Q-5: If M = $$\begin{bmatrix} cos \beta & sin \beta \\ -sin \beta & cos \beta \end{bmatrix}$$, then prove that M’M = I.

Solution:

M = $$\begin{bmatrix} cos \beta & sin \beta \\ -sin \beta & cos \beta \end{bmatrix}$$

M’ = $$\begin{bmatrix} cos \beta & -sin \beta \\ sin \beta & cos \beta \end{bmatrix}$$

M’M = $$\begin{bmatrix} cos \beta & -sin \beta \\ sin \beta & cos \beta \end{bmatrix}$$ $$\begin{bmatrix} cos \beta & sin \beta \\ -sin \beta & cos \beta \end{bmatrix}$$

= $$\begin{bmatrix} \left ( cos \beta \right )\left ( cos \beta \right ) + \left ( -sin \beta \right )\left ( -sin \beta \right ) & \left ( cos \beta \right )\left ( sin \beta \right ) + \left ( -sin \beta \right )\left ( cos \beta \right ) \\ \left ( sin \beta \right )\left ( cos \beta \right ) + \left ( cos \beta \right )\left ( -sin \beta \right ) & \left ( sin \beta \right )\left ( sin \beta \right ) + \left ( cos \beta \right )\left ( cos \beta \right ) \end{bmatrix}$$

= $$\begin{bmatrix} cos^{ 2 } \beta + sin^{ 2 } & cos \beta . sin \beta – sin \beta . cos \beta \\ sin \beta cos \beta – cos \beta . sin \beta & sin^{ 2 } \beta + cos^{ 2 } \beta \end{bmatrix}$$

= $$\begin{bmatrix} 1 & 0 \\ 0 & 1 \end{bmatrix}$$

= I

Hence, proved.

Q-6: Prove that the matrix A = $$\begin{bmatrix} 2 & -2 & 6 \\ -2 & 3 & 2 \\ 6 & 2 & 4 \end{bmatrix}$$ is a symmetric matrix.

Solution:

Here, we can see that

$${ A }’$$ = $$\begin{bmatrix} 2 & -2 & 6 \\ -2 & 3 & 2 \\ 6 & 2 & 4 \end{bmatrix}$$ which is equal to A.

Hence, $${ A }’$$ = A

Therefore, the given matrix A = $$\begin{bmatrix} 2 & -2 & 6 \\ -2 & 3 & 2 \\ 6 & 2 & 4 \end{bmatrix}$$ is a symmetric matrix.

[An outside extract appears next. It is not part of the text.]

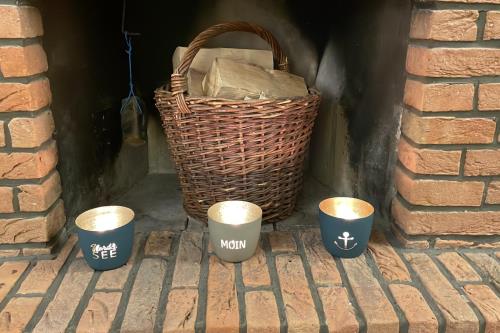 Langeoog Ferienwohnung Oog Blick - App.8 - Kamin im Wohnzimmer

Q-7: Prove that ( A + $${ A }’$$ ) is a symmetric matrix for the matrix A = $$\begin{bmatrix} 2 & 6 \\ 7 & 8 \end{bmatrix}$$.

Solution:

$${ A }’$$ = $$\begin{bmatrix} 2 & 7 \\ 6 & 8 \end{bmatrix}$$

A + $${ A }’$$ = $$\begin{bmatrix} 2 & 6 \\ 7 & 8 \end{bmatrix}$$ + $$\begin{bmatrix} 2 & 7 \\ 6 & 8 \end{bmatrix}$$

= $$\begin{bmatrix} 4 & 13 \\ 13 & 16 \end{bmatrix}$$

$${ \left ( A + { A }’ \right ) }’$$ = $$\begin{bmatrix} 4 & 13 \\ 13 & 16 \end{bmatrix}$$ = A + $${ A }’$$

Hence, (A + $${ A }’$$ ) is a symmetric matrix.

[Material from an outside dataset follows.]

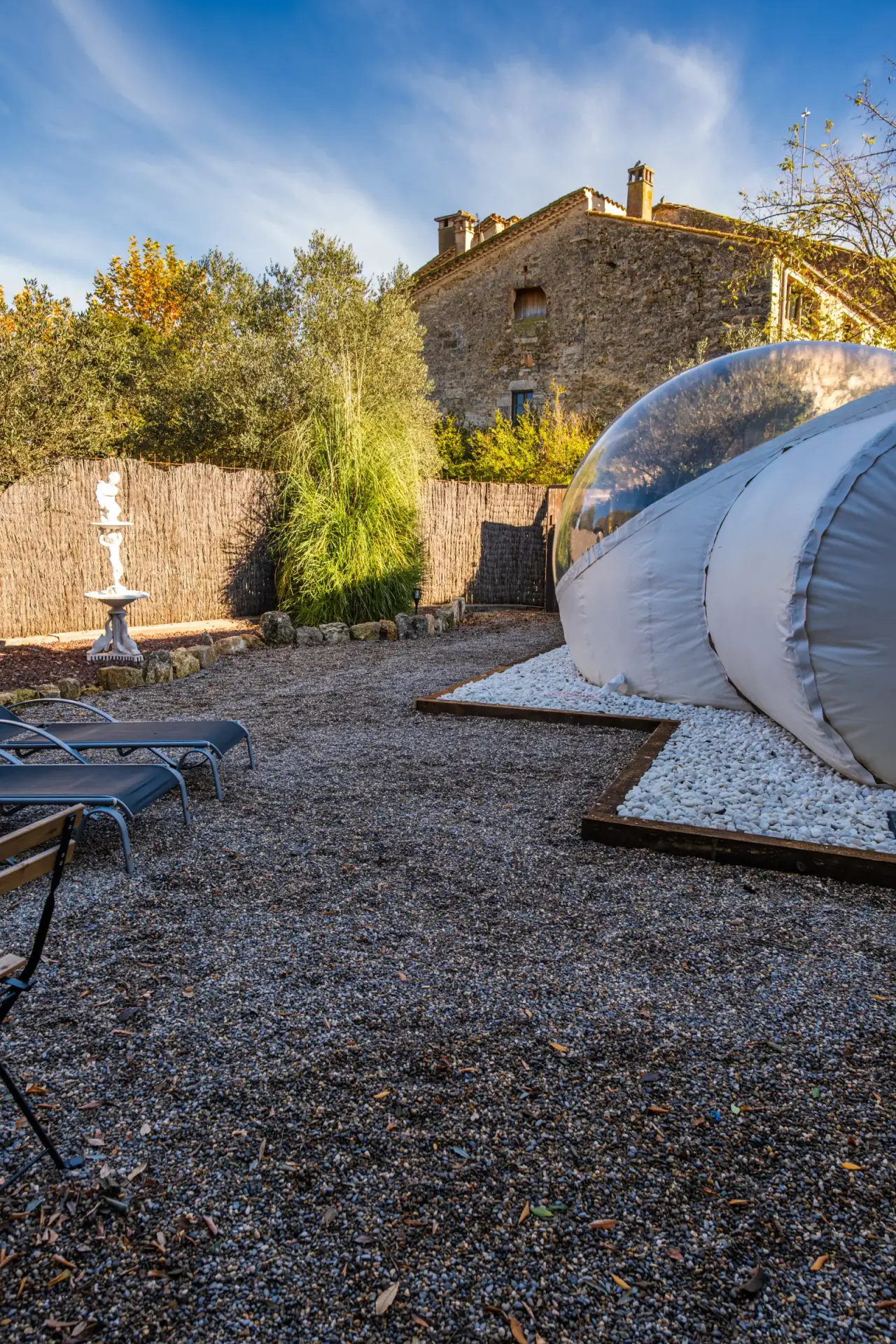 Jacuzzi privado en forma de burbuja inflable transparente ubicado en un patio exterior con grava, rodeado de tumbonas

Q-8: If M and N are the symmetric matrices with having same order, then MN – NM will be a

(a) Symmetric matrix

(b) Skew symmetric matrix.

(c) Identity matrix

(d) Zero matrix

Solution:

As per the data given in the question, M and N are two symmetric matrices.

Thus, we have

$${ A }’ = A$$ and $${ B }’ = B$$ ……..(i)

Let us consider,

$${ \left( MN – NM \right ) }’ = { \left ( MN \right ) }’ – { \left ( NM \right ) }’ \;\;\;\;\;\;\;\; \left [ {\left ( M – N \right )}’ = { M }’ – { N }’ \right ]$$

= $${ N }'{ M }’ – { M }'{ N }’ \;\;\;\;\;\;\;\; \left [ {\left ( MN \right )}’ = { N }'{ M }’ \right ]$$

= $$BA – MN \;\;\;\;\;\;\;\;\;\; \left [ by \; (i) \right ]$$

= – (MN – NM)

Thus, (MN – NM )’ = – (MN – NM)

Hence, (MN – NM) is a skew- symmetric matrix.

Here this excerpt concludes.